* [Your objective]: Restate word for word the section of the entries that opens at the line containing "фото №1, Bmw" and closes at the line containing "Image 10 of", both lines kept, pictures dropped.
═══ Material supplied ═══
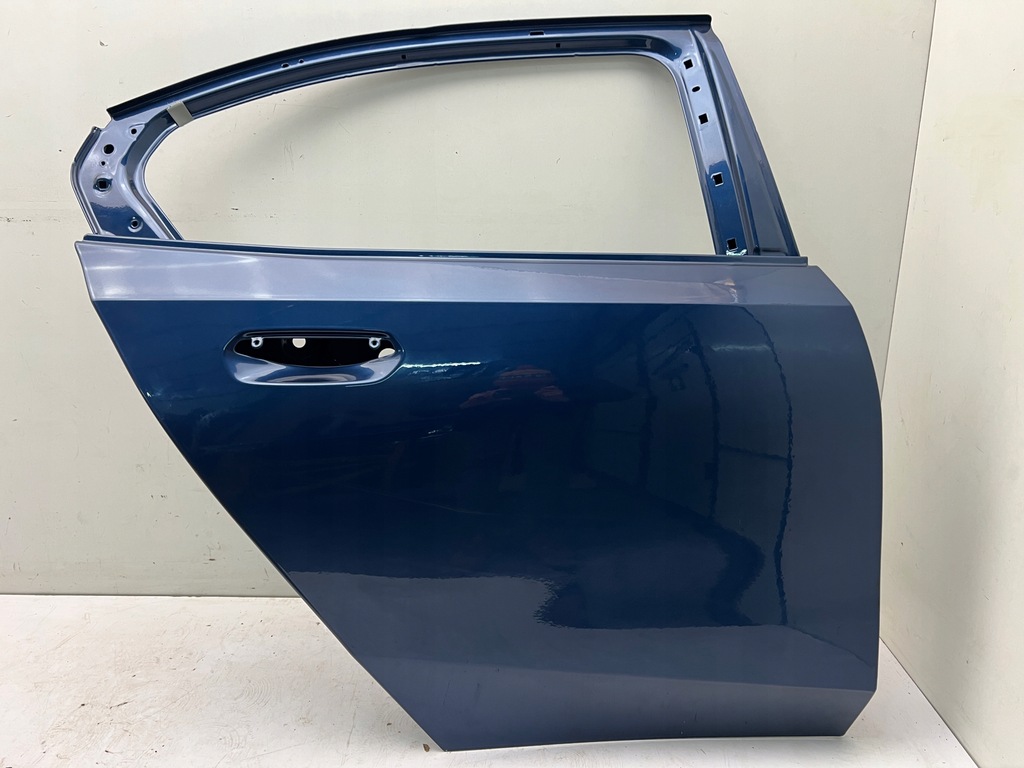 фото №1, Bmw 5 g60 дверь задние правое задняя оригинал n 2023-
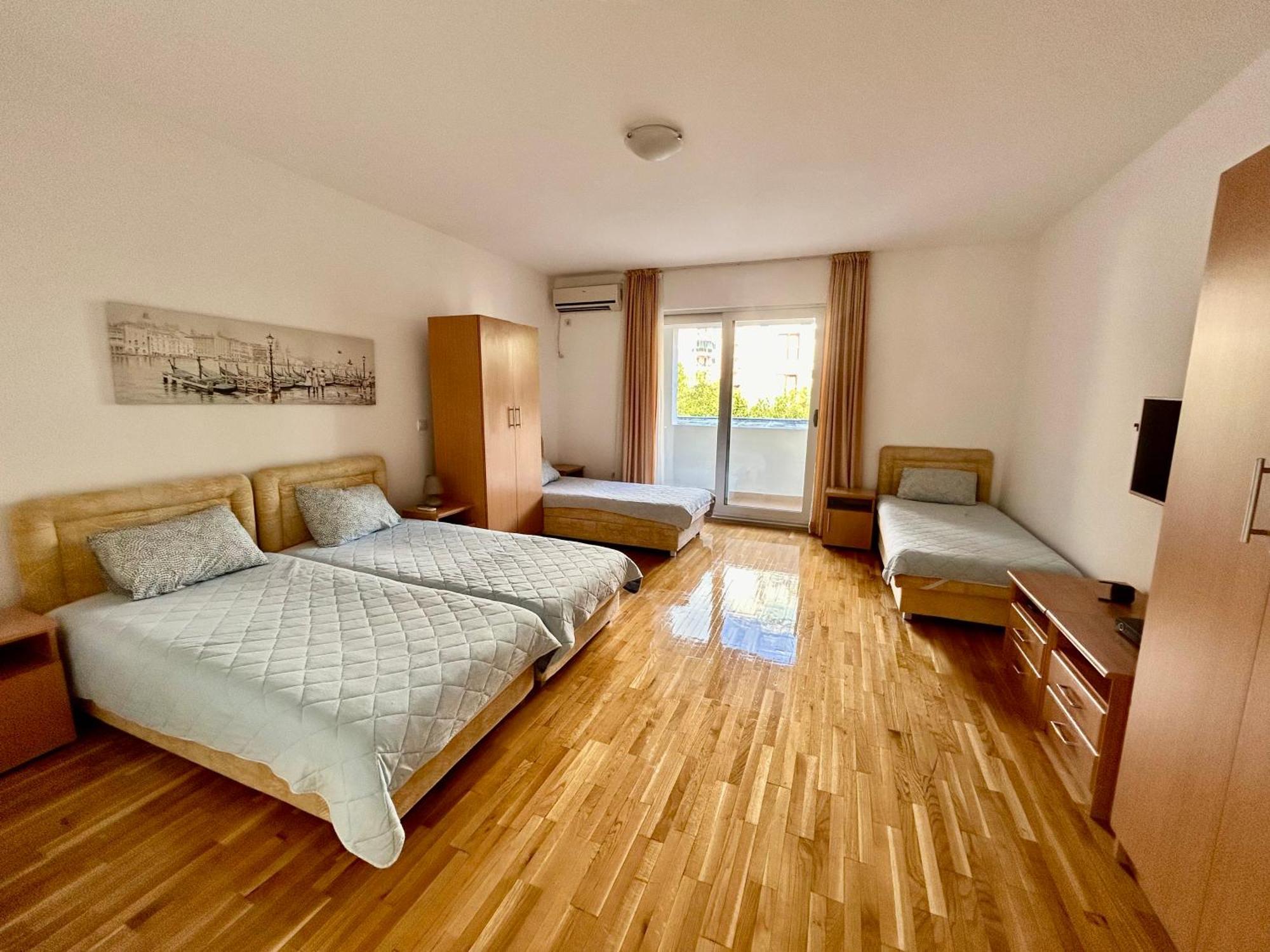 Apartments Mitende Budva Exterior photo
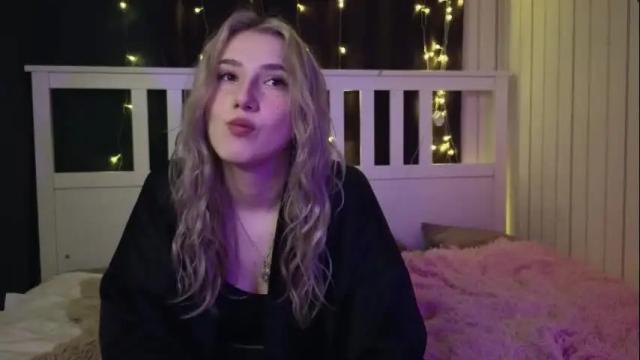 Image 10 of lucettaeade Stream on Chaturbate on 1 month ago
═══
═══ Material supplied ═══
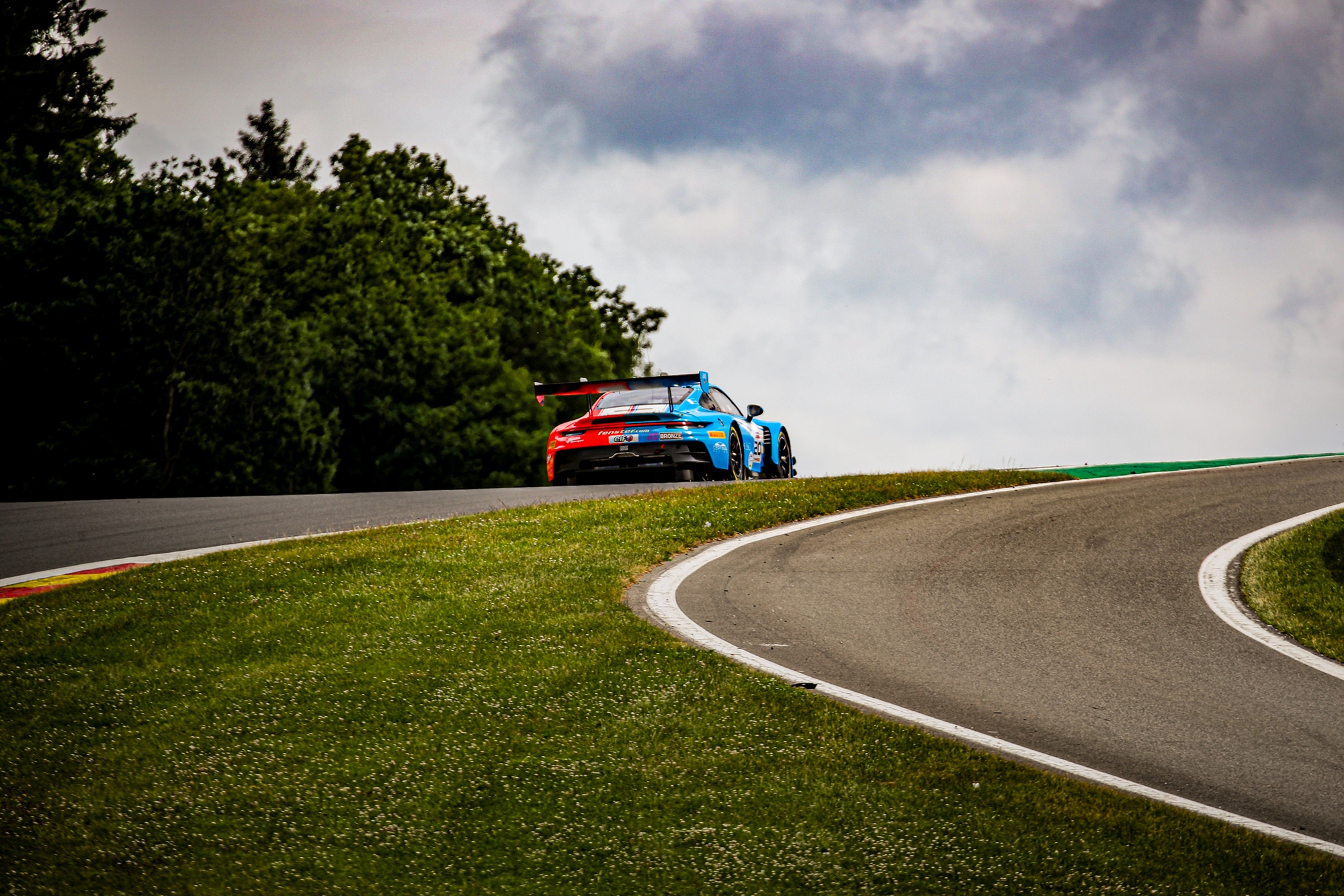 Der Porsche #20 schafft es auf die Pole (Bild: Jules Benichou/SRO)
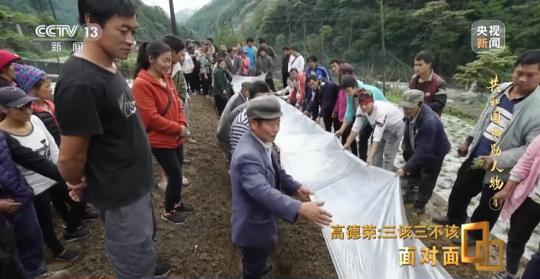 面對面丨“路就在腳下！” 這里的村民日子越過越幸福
═══
* [Written answer]:
 фото №1, Bmw 5 g60 дверь задние правое задняя оригинал n 2023-
 Apartments Mitende Budva Exterior photo
 Image 10 of lucettaeade Stream on Chaturbate on 1 month ago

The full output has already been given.